Brief. Restate word for word the lines of the data below, from the first through the one that has "捜索救助 緊急対応捜索チームar ユニフォーム Tシャツ 彼女への贈り物".

Dataset entries.

################

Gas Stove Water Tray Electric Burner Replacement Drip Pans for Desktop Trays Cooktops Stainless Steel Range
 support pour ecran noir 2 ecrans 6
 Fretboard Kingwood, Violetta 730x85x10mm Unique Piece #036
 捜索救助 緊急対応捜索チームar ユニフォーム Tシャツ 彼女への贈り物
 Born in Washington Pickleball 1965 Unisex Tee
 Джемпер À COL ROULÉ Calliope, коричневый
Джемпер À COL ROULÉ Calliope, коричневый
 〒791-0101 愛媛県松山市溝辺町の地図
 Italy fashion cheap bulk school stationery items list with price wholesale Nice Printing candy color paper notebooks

################

Worked solution.
Gas Stove Water Tray Electric Burner Replacement Drip Pans for Desktop Trays Cooktops Stainless Steel Range
 support pour ecran noir 2 ecrans 6
 Fretboard Kingwood, Violetta 730x85x10mm Unique Piece #036
 捜索救助 緊急対応捜索チームar ユニフォーム Tシャツ 彼女への贈り物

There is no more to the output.